Gove attacks low expectations for England's poor children
Education Secretary Michael Gove has attacked an English culture that accepts poverty limits the achievements of poor children.
He told a conference of independent school heads that parentage dictates progress in England more than in any other country.
But there need be no difference in educational performance between pupils from poor and wealthier homes, he said.
Other countries were already closing the achievement gap, he added.
'Stubborn' achievement gap
Research suggests children from poor homes are already behind by the the time they start school, and that the achievement gap widens as they progress through their education.
At GCSE there remains a "stubborn and unchanging gap in achievement" between the number of disadvantaged pupils who achieve five good GCSEs - including English and maths - and the rest of the population.
Speaking at a conference at independent Brighton College, in East Sussex, Mr Gove said it did not need to be this way.
He cited evidence of other countries closing and even eradicating the attainment gap.
He said: "Deprived pupils in Hong Kong and Shanghai, who struggle with challenges far greater and more debilitating than any we know here, achieve as highly as their English peers from the most comfortable homes.
"Only 24% of disadvantaged students in the UK perform better than expected compared with 76% in Shanghai, 72% in Hong Kong and 46% in Finland.
"The OECD average is 31% - putting the UK well behind countries like Poland, Greece, Slovenia, Mexico and Chile when it comes to making opportunity more equal."

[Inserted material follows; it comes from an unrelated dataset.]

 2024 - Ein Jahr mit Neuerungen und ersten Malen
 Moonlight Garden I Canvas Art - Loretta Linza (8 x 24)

Mr Gove added: "Despite the evidence that other nations are closing the gap between rich and poor through great state schooling, some in this country still argue that pupil achievement is overwhelmingly dictated by socio-economic factors.
"They say that deprivation means destiny - that schools are essentially impotent in the face of overwhelming force of circumstance - and that we can't expect children to succeed if they have been born into poverty, disability or disadvantage."

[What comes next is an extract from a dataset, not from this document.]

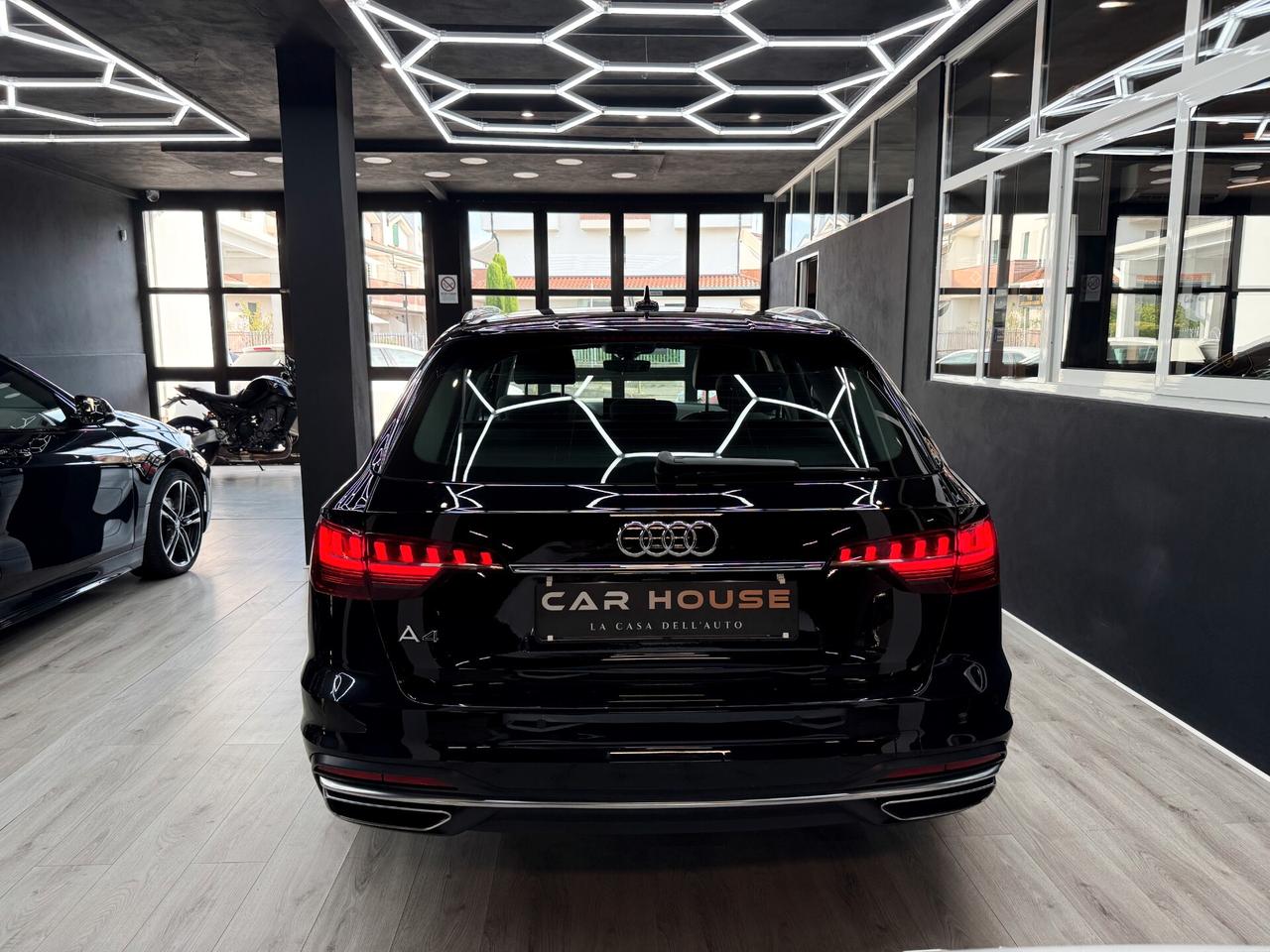 Audi A4 2.0 40 TDI 190 CV SPORT STRONIC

Mr Gove said he did not accept this, adding that there were a growing number of schools "proving that deprivation need not be destiny - that with the right teaching and the right values they can outperform everyone's expectations".
Research has suggested there are more than 440 secondary schools where the average GCSE point score for children on free school meals - a key measure of poverty - is higher than the national average for all children.
Mr Gove said: "What they share is an unwavering, unapologetic focus on standards.
"Led by inspirational heads and teachers, every day these schools are proving the pessimists and fatalists wrong."
He continued: "They show us all that there need be no difference in performance - none whatsoever - between pupils from disadvantaged backgrounds and those from wealthier homes.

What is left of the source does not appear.